What you need to do is retype every entry exactly as written.

=== Material provided ===

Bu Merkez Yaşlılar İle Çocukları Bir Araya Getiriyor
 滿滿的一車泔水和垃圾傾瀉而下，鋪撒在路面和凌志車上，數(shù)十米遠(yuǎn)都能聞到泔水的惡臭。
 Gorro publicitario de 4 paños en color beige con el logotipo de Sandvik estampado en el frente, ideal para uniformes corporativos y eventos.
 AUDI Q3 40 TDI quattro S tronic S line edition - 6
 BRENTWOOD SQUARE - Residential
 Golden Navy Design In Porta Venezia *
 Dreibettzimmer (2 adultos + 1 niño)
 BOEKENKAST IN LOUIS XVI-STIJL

===

● Final answer
Bu Merkez Yaşlılar İle Çocukları Bir Araya Getiriyor
 滿滿的一車泔水和垃圾傾瀉而下，鋪撒在路面和凌志車上，數(shù)十米遠(yuǎn)都能聞到泔水的惡臭。
 Gorro publicitario de 4 paños en color beige con el logotipo de Sandvik estampado en el frente, ideal para uniformes corporativos y eventos.
 AUDI Q3 40 TDI quattro S tronic S line edition - 6
 BRENTWOOD SQUARE - Residential
 Golden Navy Design In Porta Venezia *
 Dreibettzimmer (2 adultos + 1 niño)
 BOEKENKAST IN LOUIS XVI-STIJL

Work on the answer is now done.